== Available data ==

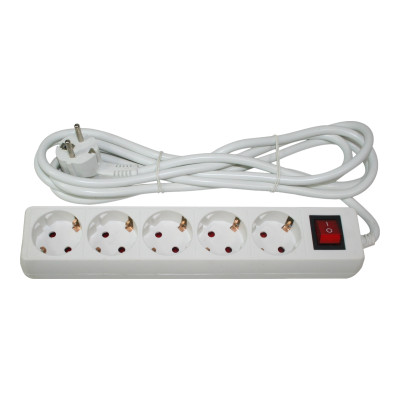 Base Múltiple C/Interruptor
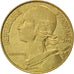 Münze, Frankreich, Marianne, 20 Centimes, 1992, SS, Aluminum-Bronze, KM:930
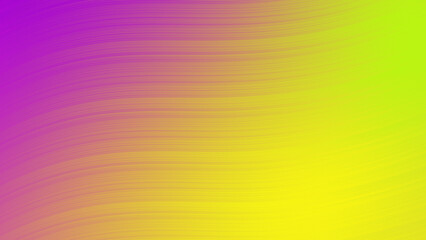 Bright yellow and purple gradient background with wavy lines. Ideal for vibrant design projects needing a modern and energetic touch.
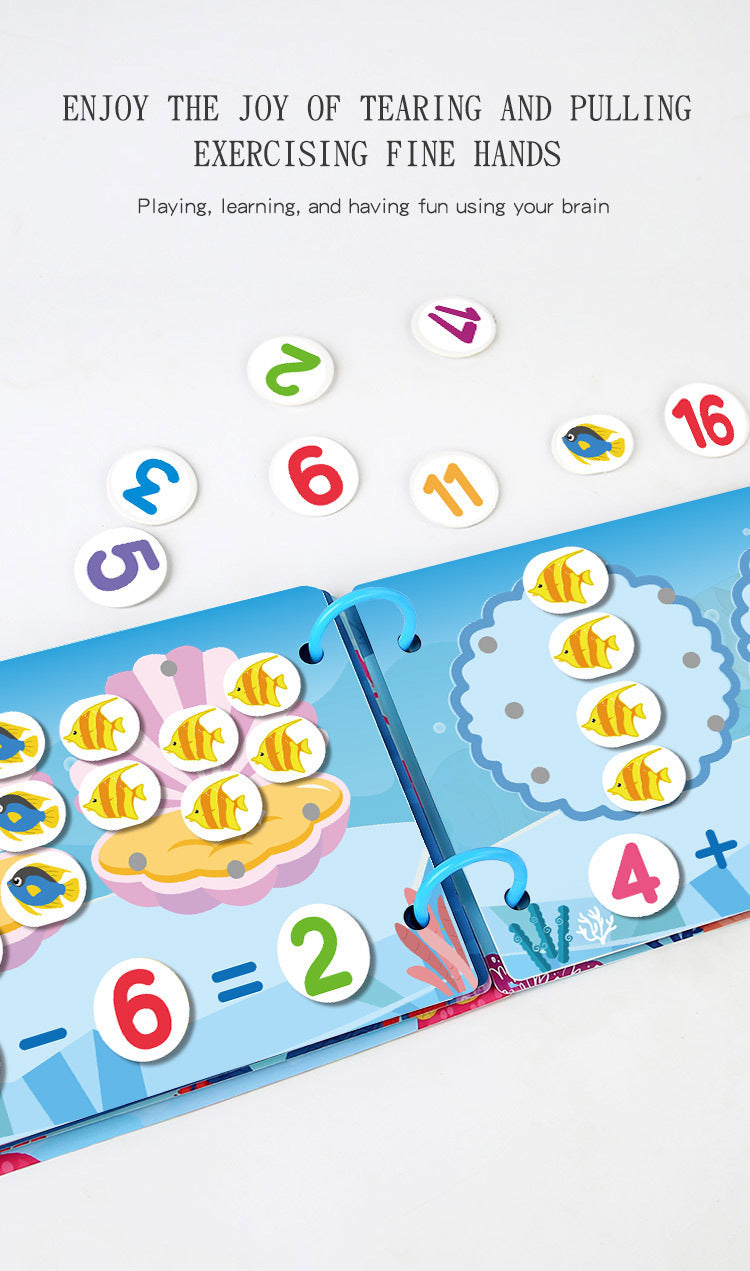Kinmilo reusable interactive busy book activity and theme image 53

== Exercise ==
Everything in the data except the pictures must be transcribed exactly.

== Output for this exercise ==
 Base Múltiple C/Interruptor
 Münze, Frankreich, Marianne, 20 Centimes, 1992, SS, Aluminum-Bronze, KM:930
 Bright yellow and purple gradient background with wavy lines. Ideal for vibrant design projects needing a modern and energetic touch.
Kinmilo reusable interactive busy book activity and theme image 53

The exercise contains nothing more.